Metadata-Version: 2.1
Name: textaugment
Version: 1.3.1
Summary: A library for augmenting text for natural language processing applications.
Home-page: https://github.com/dsfsi/textaugment
Author: Joseph Sefara
Author-email: sefaratj@gmail.com
License: MIT
Description: 
        
        # [TextAugment: Improving Short Text Classification through Global Augmentation Methods](https://arxiv.org/abs/1907.03752) 
        
        [![licence](https://img.shields.io/github/license/dsfsi/textaugment.svg?maxAge=3600)](https://github.com/dsfsi/textaugment/blob/master/LICENCE) [![GitHub release](https://img.shields.io/github/release/dsfsi/textaugment.svg?maxAge=3600)](https://github.com/dsfsi/textaugment/releases) [![Wheel](https://img.shields.io/pypi/wheel/textaugment.svg?maxAge=3600)](https://pypi.python.org/pypi/textaugment) [![python](https://img.shields.io/pypi/pyversions/textaugment.svg?maxAge=3600)](https://pypi.org/project/textaugment/) [![Downloads](https://static.pepy.tech/badge/textaugment/month)](https://pypi.org/project/textaugment/) [![arxiv](https://img.shields.io/badge/cs.CL-arXiv%3A1907.03752-B31B1B.svg)](https://arxiv.org/abs/1907.03752)
        
        ## You have just found TextAugment.
        
        TextAugment is a Python 3 library for augmenting text for natural language processing applications. TextAugment stands on the giant shoulders of [NLTK](https://www.nltk.org/), [Gensim](https://radimrehurek.com/gensim/), and [TextBlob](https://textblob.readthedocs.io/) and plays nicely with them.
        
        # Table of Contents
        
        - [Features](#Features)
        - [Citation Paper](#citation-paper) 
        	- [Requirements](#Requirements)
        	- [Installation](#Installation)
        	- [How to use](#How-to-use)
        		- [Word2vec-based augmentation](#Word2vec-based-augmentation)
        		- [WordNet-based augmentation](#WordNet-based-augmentation)
        		- [RTT-based augmentation](#RTT-based-augmentation)
        - [Easy data augmentation (EDA)](#eda-easy-data-augmentation-techniques-for-boosting-performance-on-text-classification-tasks)
        - [Mixup augmentation](#mixup-augmentation)
          - [Implementation](#Implementation)
        - [Acknowledgements](#Acknowledgements)
        
        ## Features
        
        - Generate synthetic data for improving model performance without manual effort
        - Simple, lightweight, easy-to-use library.
        - Plug and play to any machine learning frameworks (e.g.
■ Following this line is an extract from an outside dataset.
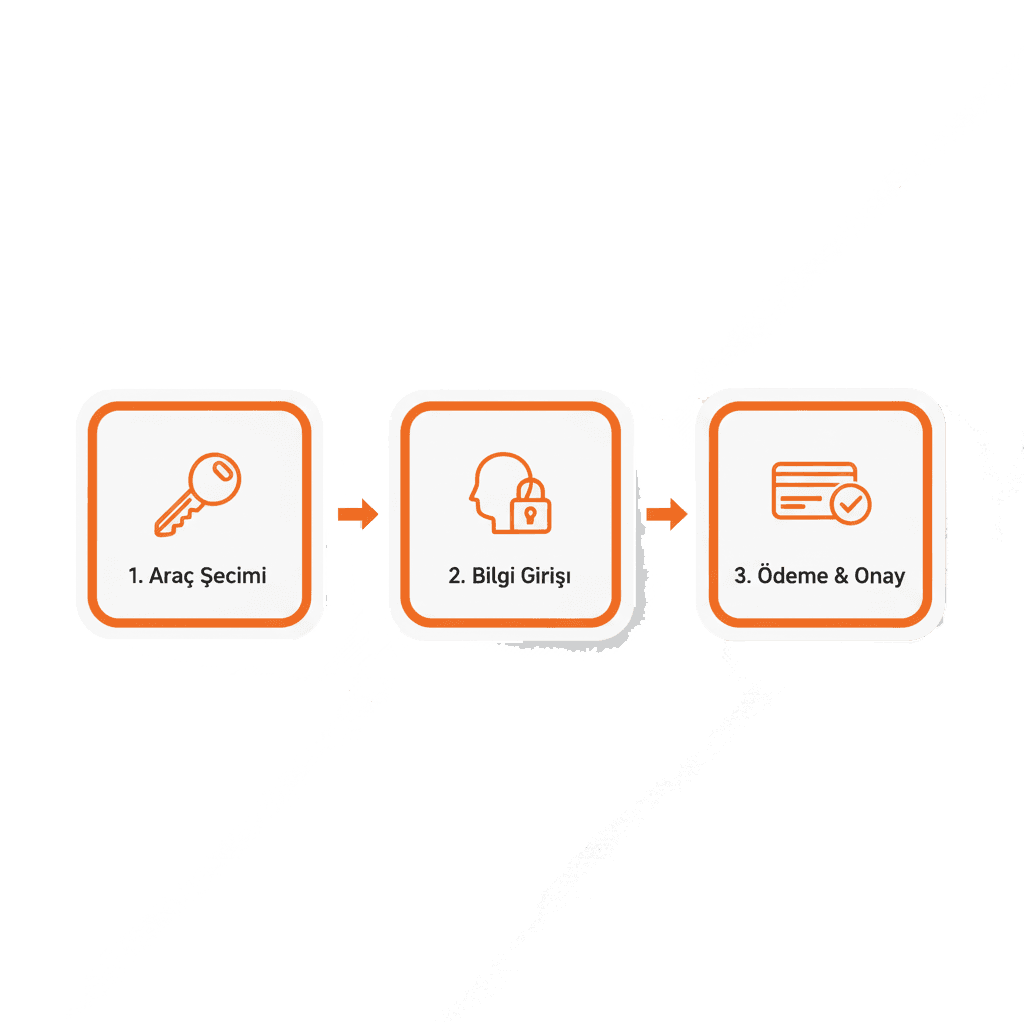 Araç Kiralama Süreci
PyTorch, TensorFlow, Scikit-learn)
        - Support textual data
        
        ## Citation Paper
        
        **[Improving short text classification through global augmentation methods](https://arxiv.org/abs/1907.03752)**.
        
        
        
        ![alt text](https://raw.githubusercontent.com/dsfsi/textaugment/master/augment.png "Augmentation methods")
        
        ### Requirements
        
        * Python 3
        
        The following software packages are dependencies and will be installed automatically.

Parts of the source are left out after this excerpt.